Input:
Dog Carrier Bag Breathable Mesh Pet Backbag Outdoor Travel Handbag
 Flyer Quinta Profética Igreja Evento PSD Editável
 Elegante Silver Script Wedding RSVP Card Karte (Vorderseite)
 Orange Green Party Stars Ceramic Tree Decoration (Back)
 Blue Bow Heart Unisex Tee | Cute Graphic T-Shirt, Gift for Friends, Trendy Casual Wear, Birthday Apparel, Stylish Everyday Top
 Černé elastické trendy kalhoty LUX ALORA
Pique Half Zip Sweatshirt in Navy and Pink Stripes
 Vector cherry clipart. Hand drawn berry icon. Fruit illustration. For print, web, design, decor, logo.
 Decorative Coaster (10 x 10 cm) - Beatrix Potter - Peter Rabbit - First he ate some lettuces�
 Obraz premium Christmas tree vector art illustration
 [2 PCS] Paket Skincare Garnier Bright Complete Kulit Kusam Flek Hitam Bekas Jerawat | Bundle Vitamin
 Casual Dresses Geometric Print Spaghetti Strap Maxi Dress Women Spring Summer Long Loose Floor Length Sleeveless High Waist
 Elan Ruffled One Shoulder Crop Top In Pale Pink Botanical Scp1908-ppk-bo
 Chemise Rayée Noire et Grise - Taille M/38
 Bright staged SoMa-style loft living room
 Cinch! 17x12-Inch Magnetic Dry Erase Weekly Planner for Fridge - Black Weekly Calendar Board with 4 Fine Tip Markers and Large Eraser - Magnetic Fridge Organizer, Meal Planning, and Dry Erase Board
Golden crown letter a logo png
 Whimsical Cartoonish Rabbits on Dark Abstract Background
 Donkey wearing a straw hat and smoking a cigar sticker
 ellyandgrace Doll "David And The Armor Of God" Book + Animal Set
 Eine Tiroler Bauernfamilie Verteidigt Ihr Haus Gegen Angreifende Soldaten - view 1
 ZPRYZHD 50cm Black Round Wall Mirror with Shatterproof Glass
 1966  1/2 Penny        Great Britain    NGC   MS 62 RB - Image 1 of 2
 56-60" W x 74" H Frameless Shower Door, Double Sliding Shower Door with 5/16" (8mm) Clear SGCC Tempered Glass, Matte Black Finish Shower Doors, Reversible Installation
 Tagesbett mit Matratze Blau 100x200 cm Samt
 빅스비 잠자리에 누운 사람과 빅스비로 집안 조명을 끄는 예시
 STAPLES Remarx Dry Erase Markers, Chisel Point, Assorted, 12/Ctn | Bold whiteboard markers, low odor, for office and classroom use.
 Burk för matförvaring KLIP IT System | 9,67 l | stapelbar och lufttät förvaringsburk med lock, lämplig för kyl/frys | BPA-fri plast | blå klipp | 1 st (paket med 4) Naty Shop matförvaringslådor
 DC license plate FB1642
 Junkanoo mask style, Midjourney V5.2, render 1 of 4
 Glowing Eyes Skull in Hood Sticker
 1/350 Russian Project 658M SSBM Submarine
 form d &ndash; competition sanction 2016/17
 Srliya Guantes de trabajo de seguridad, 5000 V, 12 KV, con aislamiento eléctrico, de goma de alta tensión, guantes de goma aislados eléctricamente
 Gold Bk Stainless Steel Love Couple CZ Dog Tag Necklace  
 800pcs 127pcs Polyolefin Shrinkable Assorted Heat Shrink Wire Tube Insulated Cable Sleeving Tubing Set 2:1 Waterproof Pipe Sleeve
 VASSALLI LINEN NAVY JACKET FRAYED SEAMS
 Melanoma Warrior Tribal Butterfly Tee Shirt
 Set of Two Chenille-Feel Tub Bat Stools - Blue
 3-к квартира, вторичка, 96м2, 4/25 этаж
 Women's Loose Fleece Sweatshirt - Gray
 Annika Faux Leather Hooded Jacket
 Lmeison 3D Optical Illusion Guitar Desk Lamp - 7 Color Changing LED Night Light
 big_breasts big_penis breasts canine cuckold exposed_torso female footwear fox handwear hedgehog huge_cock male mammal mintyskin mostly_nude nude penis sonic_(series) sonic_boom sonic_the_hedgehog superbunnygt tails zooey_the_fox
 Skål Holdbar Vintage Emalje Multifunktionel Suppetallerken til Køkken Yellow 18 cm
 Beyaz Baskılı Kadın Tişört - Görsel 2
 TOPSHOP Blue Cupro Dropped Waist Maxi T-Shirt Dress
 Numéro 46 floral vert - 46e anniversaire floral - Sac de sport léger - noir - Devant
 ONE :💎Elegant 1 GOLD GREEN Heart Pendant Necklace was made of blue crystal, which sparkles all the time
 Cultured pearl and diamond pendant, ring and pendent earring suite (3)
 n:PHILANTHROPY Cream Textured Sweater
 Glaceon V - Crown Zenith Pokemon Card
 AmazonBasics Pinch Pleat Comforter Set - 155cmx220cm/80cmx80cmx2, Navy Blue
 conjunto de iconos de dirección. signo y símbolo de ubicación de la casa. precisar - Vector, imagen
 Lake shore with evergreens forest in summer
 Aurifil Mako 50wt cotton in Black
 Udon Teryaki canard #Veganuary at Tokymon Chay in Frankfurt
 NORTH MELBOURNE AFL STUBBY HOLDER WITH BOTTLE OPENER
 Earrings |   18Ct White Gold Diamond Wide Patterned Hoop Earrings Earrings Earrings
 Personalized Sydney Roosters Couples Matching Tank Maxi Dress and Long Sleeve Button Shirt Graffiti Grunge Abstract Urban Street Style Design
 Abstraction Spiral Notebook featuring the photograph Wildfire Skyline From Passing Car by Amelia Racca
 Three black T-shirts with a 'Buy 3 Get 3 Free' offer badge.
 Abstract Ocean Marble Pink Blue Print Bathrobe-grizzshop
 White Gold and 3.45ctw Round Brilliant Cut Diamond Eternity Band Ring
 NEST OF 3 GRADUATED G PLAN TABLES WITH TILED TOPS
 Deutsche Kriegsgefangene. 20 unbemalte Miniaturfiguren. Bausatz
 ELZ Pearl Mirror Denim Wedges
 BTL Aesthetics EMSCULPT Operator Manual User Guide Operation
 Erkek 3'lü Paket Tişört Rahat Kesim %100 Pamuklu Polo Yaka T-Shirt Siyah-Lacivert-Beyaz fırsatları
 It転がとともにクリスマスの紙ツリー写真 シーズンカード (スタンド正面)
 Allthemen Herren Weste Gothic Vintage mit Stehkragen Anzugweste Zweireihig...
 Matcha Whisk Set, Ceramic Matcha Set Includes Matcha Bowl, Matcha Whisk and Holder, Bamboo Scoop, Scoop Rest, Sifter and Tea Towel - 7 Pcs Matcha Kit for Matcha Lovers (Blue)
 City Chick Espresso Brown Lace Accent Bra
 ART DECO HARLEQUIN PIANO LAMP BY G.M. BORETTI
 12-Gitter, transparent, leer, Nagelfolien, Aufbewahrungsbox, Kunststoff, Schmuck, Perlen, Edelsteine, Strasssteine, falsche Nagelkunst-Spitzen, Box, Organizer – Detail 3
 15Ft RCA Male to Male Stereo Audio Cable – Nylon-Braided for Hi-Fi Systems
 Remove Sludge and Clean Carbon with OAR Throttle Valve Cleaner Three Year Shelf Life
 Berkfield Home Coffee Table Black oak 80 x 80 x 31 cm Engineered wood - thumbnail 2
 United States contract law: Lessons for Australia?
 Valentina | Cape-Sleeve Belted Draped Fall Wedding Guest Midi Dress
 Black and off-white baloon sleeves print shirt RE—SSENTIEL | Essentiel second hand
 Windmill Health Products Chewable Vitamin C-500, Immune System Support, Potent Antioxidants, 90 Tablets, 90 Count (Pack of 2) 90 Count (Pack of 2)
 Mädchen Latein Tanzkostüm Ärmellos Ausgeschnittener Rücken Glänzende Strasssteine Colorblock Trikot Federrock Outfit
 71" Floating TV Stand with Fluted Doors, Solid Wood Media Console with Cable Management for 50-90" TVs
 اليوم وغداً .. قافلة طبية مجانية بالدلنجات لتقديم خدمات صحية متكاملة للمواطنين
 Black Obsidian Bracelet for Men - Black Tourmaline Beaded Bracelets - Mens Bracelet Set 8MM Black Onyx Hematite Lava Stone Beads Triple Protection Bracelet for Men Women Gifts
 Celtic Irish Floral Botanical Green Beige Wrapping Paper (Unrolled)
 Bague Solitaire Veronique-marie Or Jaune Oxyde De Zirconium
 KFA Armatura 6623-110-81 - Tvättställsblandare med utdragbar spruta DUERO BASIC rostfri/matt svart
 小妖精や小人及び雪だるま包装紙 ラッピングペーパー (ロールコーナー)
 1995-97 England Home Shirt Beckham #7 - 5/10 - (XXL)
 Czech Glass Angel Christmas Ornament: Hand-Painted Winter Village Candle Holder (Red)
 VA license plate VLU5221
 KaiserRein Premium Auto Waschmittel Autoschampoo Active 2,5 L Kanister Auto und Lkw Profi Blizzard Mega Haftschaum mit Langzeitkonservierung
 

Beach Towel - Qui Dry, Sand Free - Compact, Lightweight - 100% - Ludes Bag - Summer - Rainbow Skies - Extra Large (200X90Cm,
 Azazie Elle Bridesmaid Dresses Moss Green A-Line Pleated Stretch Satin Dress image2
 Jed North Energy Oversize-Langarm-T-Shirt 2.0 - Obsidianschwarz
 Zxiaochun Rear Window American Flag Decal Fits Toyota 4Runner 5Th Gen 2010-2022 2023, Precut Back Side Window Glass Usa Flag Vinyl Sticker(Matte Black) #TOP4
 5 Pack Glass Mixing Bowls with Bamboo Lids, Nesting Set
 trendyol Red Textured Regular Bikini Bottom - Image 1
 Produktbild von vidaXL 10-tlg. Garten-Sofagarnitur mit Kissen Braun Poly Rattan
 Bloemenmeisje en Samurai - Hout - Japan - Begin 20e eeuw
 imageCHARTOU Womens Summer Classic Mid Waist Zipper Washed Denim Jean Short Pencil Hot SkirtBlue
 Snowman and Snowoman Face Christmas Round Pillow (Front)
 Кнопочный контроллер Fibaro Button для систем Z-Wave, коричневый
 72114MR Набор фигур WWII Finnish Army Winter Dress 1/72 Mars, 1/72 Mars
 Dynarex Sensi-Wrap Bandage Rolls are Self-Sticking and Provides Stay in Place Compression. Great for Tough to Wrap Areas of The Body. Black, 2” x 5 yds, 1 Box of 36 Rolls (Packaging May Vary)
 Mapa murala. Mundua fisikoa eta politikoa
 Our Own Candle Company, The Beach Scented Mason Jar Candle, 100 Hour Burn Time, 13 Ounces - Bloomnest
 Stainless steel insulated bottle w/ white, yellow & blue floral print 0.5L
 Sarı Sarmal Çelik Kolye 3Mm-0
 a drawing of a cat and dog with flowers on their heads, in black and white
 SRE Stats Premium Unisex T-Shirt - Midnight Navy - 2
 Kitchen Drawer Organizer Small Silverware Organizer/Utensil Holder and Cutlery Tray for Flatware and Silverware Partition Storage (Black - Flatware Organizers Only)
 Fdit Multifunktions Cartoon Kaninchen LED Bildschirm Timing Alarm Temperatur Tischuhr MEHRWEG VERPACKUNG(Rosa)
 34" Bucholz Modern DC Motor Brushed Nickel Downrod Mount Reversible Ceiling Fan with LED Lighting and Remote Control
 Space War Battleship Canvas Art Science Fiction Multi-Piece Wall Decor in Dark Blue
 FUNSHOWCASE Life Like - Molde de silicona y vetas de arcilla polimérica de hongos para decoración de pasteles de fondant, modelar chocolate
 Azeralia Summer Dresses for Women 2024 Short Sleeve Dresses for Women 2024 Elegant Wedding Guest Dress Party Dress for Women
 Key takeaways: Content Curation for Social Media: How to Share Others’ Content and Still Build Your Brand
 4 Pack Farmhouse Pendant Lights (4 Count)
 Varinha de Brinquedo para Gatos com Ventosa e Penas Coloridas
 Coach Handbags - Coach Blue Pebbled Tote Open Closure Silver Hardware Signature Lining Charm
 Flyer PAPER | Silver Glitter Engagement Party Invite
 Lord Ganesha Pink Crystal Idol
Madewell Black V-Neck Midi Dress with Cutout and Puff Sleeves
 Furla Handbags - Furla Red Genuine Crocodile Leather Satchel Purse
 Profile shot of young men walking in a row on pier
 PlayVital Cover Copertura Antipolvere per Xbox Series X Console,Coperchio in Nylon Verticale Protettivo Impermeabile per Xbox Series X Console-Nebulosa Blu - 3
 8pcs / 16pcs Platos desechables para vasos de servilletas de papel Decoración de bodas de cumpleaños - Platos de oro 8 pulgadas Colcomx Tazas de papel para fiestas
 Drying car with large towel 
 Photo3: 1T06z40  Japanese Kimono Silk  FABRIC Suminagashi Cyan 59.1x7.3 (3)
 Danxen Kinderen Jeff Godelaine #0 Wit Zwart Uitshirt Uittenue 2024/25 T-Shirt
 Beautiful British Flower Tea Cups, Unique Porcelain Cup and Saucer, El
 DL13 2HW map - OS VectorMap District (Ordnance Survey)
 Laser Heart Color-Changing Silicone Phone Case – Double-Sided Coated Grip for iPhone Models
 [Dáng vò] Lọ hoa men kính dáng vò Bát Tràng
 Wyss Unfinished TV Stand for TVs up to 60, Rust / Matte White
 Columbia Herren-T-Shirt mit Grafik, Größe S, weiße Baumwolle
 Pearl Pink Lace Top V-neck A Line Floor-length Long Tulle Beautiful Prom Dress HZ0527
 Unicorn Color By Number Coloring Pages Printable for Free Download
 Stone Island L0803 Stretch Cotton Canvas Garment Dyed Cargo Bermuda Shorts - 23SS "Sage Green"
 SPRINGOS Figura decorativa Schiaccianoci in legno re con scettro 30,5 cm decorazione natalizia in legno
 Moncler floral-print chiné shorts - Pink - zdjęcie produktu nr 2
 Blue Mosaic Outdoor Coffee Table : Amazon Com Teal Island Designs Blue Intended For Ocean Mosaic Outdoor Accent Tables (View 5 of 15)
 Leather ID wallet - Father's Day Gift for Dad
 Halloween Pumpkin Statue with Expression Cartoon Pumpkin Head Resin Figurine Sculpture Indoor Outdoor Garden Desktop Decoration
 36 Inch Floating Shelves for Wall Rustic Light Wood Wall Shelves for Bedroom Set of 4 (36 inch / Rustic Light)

Problem description:
Look in the material above for the line with "[2 PCS] Paket" and the line with "Golden crown letter a logo png", and transcribe exactly those lines and all lines between them, nothing more.

Response for this exercise:
 [2 PCS] Paket Skincare Garnier Bright Complete Kulit Kusam Flek Hitam Bekas Jerawat | Bundle Vitamin
 Casual Dresses Geometric Print Spaghetti Strap Maxi Dress Women Spring Summer Long Loose Floor Length Sleeveless High Waist
 Elan Ruffled One Shoulder Crop Top In Pale Pink Botanical Scp1908-ppk-bo
 Chemise Rayée Noire et Grise - Taille M/38
 Bright staged SoMa-style loft living room
 Cinch! 17x12-Inch Magnetic Dry Erase Weekly Planner for Fridge - Black Weekly Calendar Board with 4 Fine Tip Markers and Large Eraser - Magnetic Fridge Organizer, Meal Planning, and Dry Erase Board
Golden crown letter a logo png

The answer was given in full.